LISTED RECORDS:

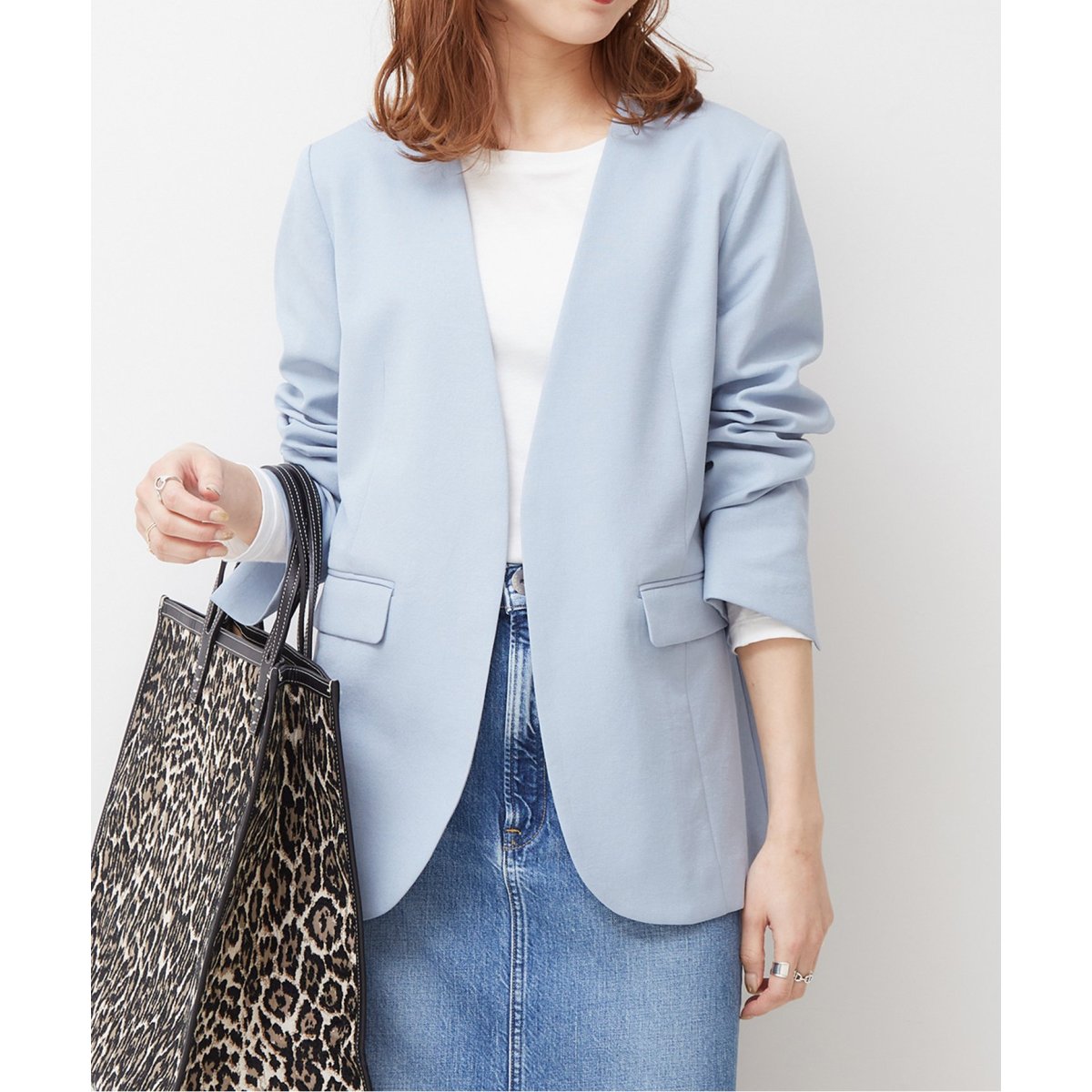 Spick and Span リネンSTR ノーカラージャケット ノーカラージャケット ジャケット/アウター レディース 超安い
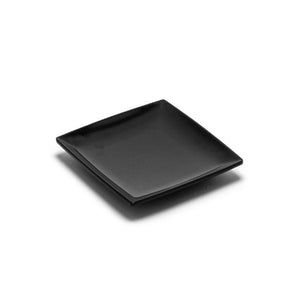 6" Melamine Square Flare Plate, Black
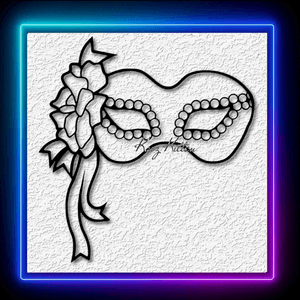 Mardi Gras Beaded Eyes Mask New Orleans Wall Art Home Decor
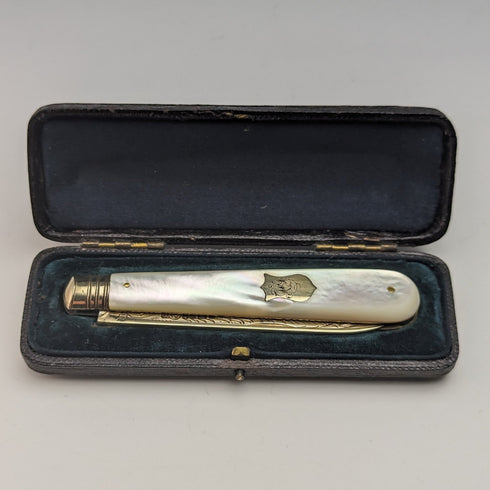 1888 British Antique White Pearl Shell Handle Pure Silver Blade Folding Pen Knife in Case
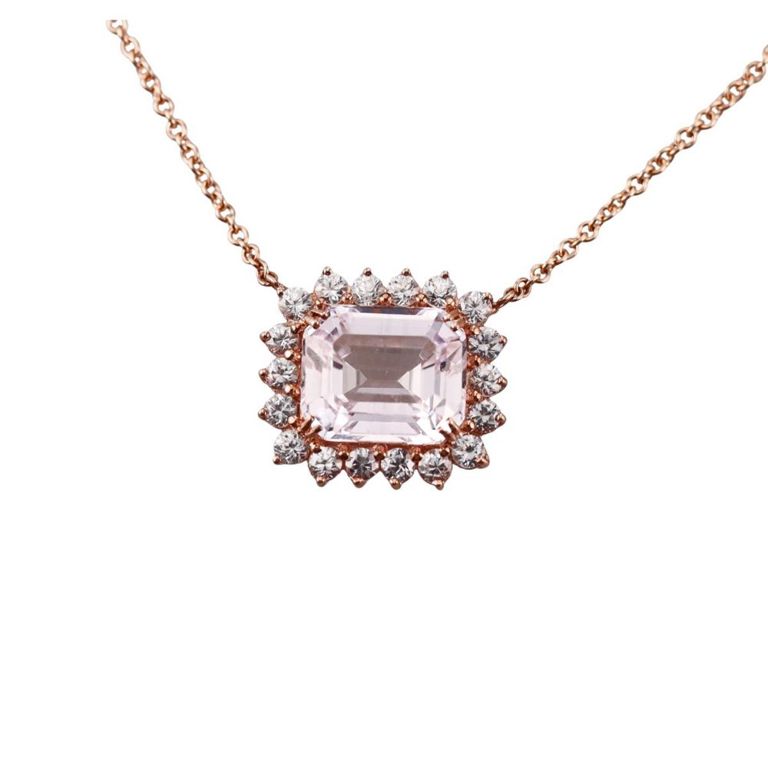 14k Rose Gold Kunzite Pendant Necklace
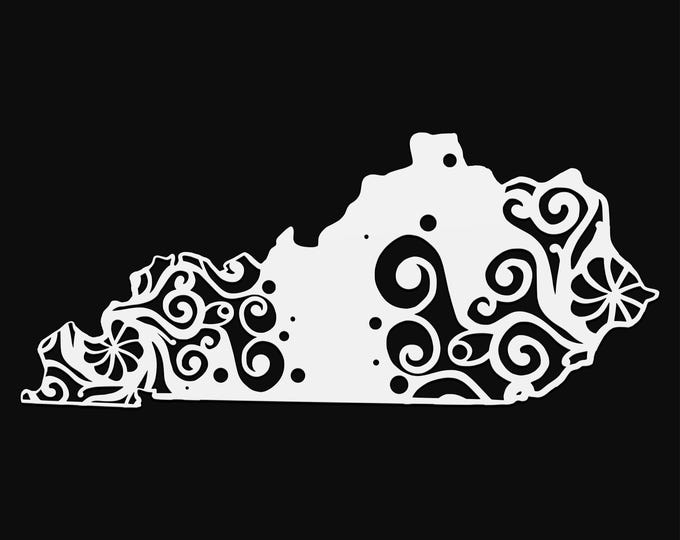 kentucky mandala svg file, geography cut file, glowforge svg, united states vinyl template, laser cut file, cuttable map svg, KY clipart png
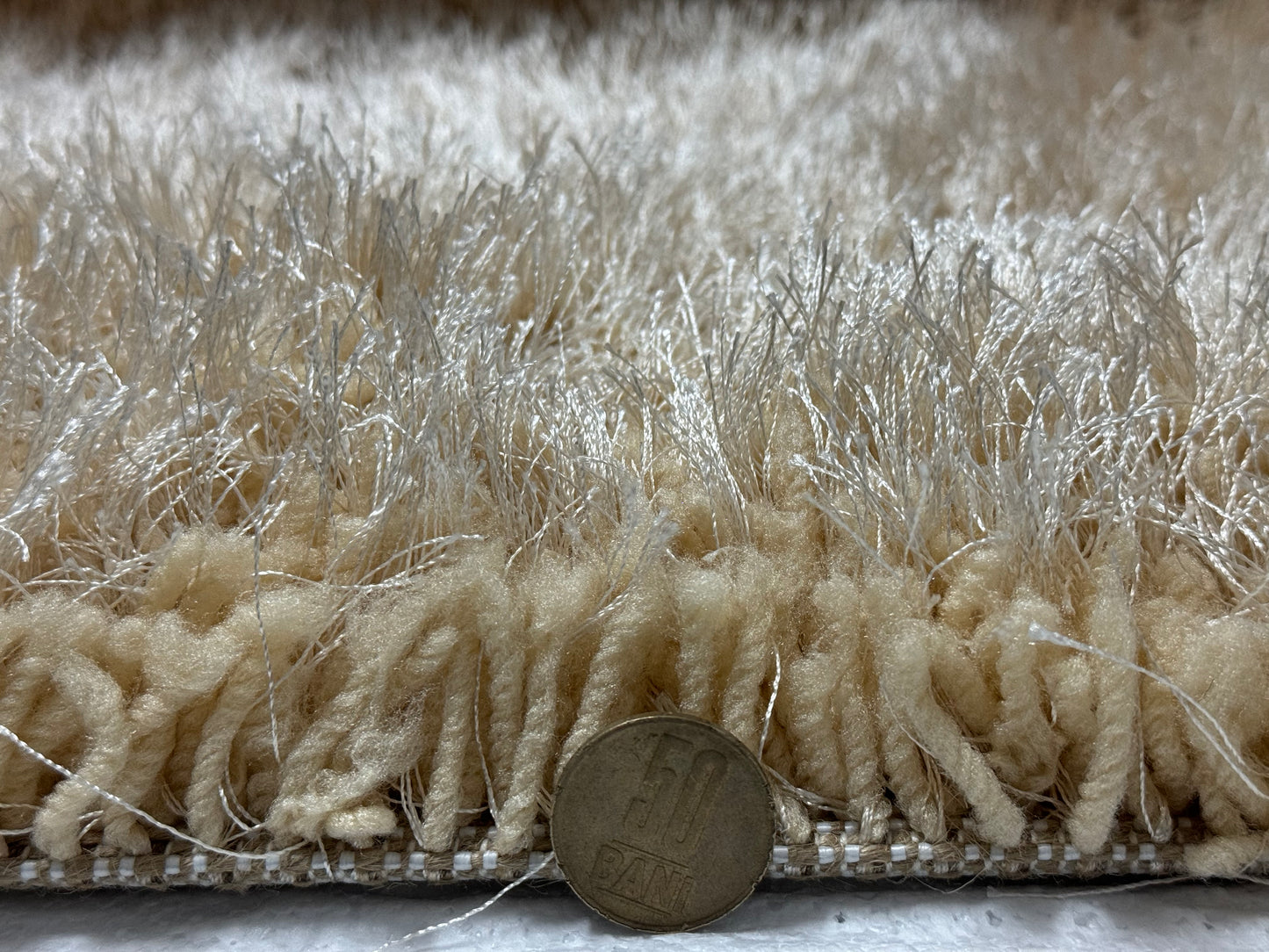 Covor Pufos din Fir de Matase si Bumbac 3D,Bej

EXERCISE OBJECTIVE:
Could you write out the whole listing exactly, dropping the pictures?

WRITTEN REPLY:
 Spick and Span リネンSTR ノーカラージャケット ノーカラージャケット ジャケット/アウター レディース 超安い
 6" Melamine Square Flare Plate, Black
 Mardi Gras Beaded Eyes Mask New Orleans Wall Art Home Decor
 1888 British Antique White Pearl Shell Handle Pure Silver Blade Folding Pen Knife in Case
 14k Rose Gold Kunzite Pendant Necklace
 kentucky mandala svg file, geography cut file, glowforge svg, united states vinyl template, laser cut file, cuttable map svg, KY clipart png
 Covor Pufos din Fir de Matase si Bumbac 3D,Bej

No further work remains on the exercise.